Investigators attempted to address this issue with a meta-analysis using data from 18 separate prospective trials of AML patients using the donor-no donor design, with data from an additional six trials included for sensitivity analysis. The trials included in this meta-analysis enrolled adult patients aged 60 and younger during the years 1982 to 2006. Median follow-up ranged from 42 months to 142 months. Preparative regimens were similar among the different trials. Allogeneic transplant was compared with autologous transplant (6 trials) or with a variety of consolidation chemotherapy regimens, with high-dose cytarabine being the most common.
Treatment-related mortality ranged from 5% to 42% in the donor groups compared with 3% to 27% in the no-donor group. Of 18 trials reporting RFS across all cytogenetic risk groups, the combined hazard ratio (HR) for overall RFS benefit with allogeneic transplant was 0.80, indicating a statistically significant reduction in death or relapse in a first CR. Of the 15 trials reporting OS across all cytogenetic risk groups, the combined HR for OS was 0.90, again indicating a statistically significant reduction in death or relapse in a first CR.
In subgroup analysis according to cytogenetic risk category, there was no RFS or OS benefit of allogeneic transplant for patients with good-risk AML (RFS: HR, 1.07; 95% confidence interval [CI], 0.83-1.38; P = .59; OS: HR, 1.06; 95% CI, 0.64-1.76; P = .81). However, a transplant benefit was seen for patients with intermediate (RFS: HR, 0.83; 95% CI, 0.74-0.93; P < .01; OS: HR, 0.84; 95% CI, 0.71-0.99; P = .03) or poor-risk cytogenetics (RFS: HR, 0.73; 95% CI, 0.59-0.90; P < .01; OS: HR, 0.60; 95% CI, 0.40-0.90; P = .01). The conclusion from this meta-analysis was that allogeneic transplant from a sibling donor in a first CR is justified on the basis of improved RFS and OS for patients with intermediate- or poor-risk, but not good-risk, cytogenetics.[Level of evidence: 2A]
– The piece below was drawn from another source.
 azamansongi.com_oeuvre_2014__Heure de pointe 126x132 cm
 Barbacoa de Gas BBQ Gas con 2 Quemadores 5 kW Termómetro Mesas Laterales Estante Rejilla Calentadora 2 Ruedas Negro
An important caveat to this analysis is that induction and postremission strategies for AML among studies included in the meta-analysis were not uniform; nor were definitions of cytogenetic risk groups uniform. This may have resulted in inferior survival rates among chemotherapy-only treated patients. Most U.S. leukemia physicians agree that transplantation should be offered to AML patients in first CR in the setting of poor-risk cytogenetics and should not be offered to patients in first CR with good-risk cytogenetics.